■ Exercise: Pictures appear among the records below and must be omitted. Repeat exactly the lines from the line with "Witte hoodie met" to the line with "Turning Juicy Red", both included.

■ Data for this task:
■ ■ ■ ■

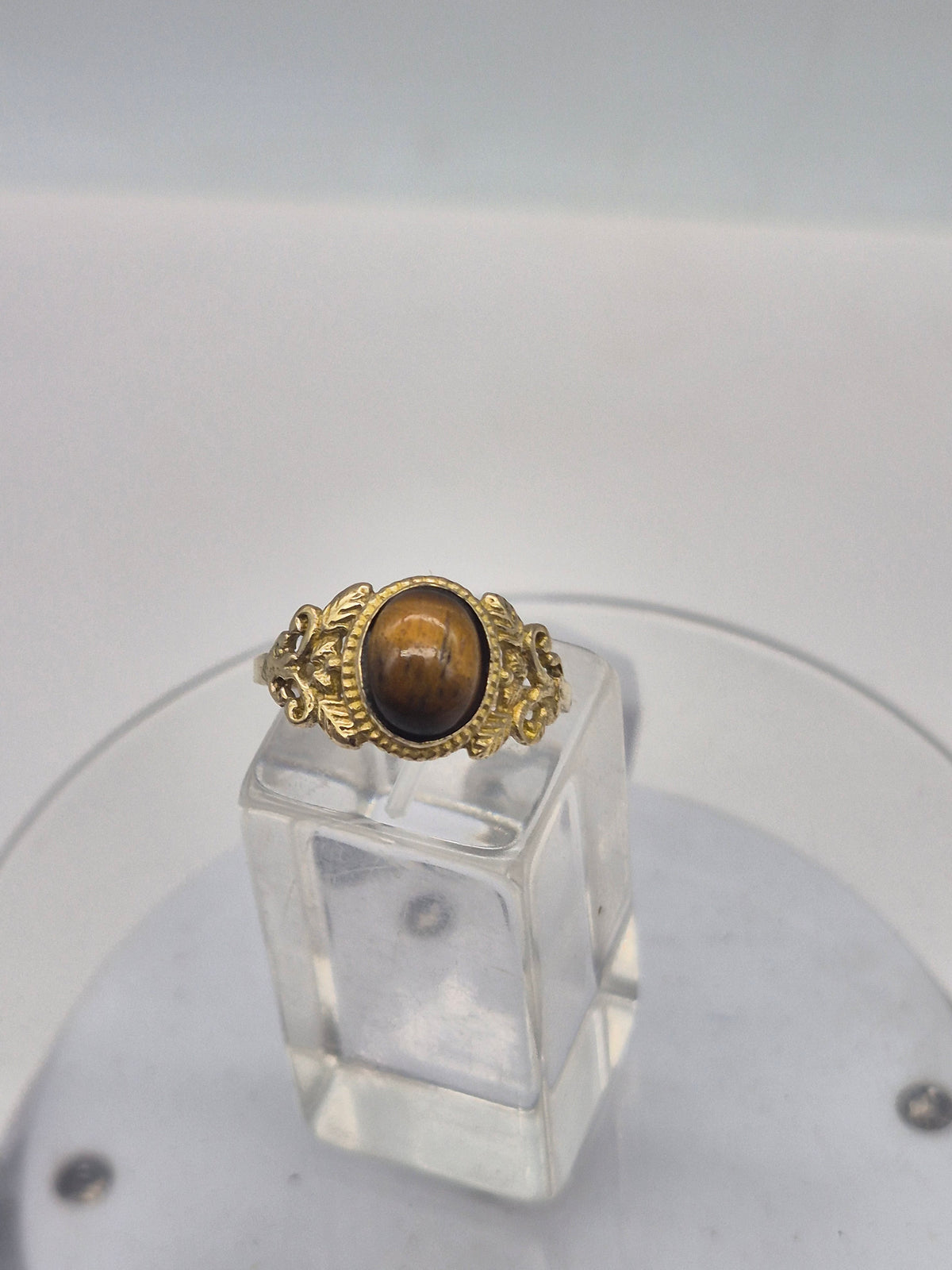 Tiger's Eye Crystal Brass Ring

■ ■ ■ ■

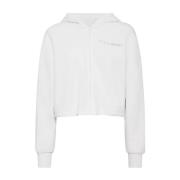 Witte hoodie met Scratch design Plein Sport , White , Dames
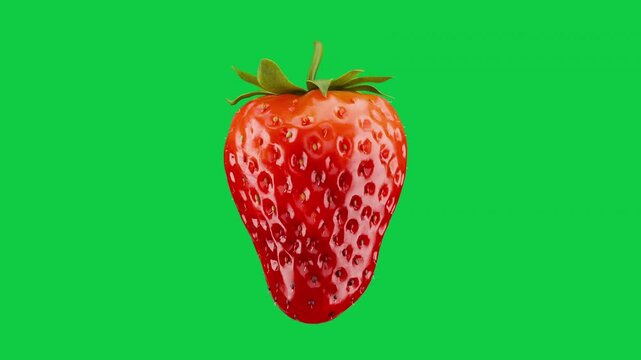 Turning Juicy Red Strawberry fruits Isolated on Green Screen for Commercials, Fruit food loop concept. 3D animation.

■ ■ ■ ■

■ Response below:
 Witte hoodie met Scratch design Plein Sport , White , Dames
 Turning Juicy Red Strawberry fruits Isolated on Green Screen for Commercials, Fruit food loop concept. 3D animation.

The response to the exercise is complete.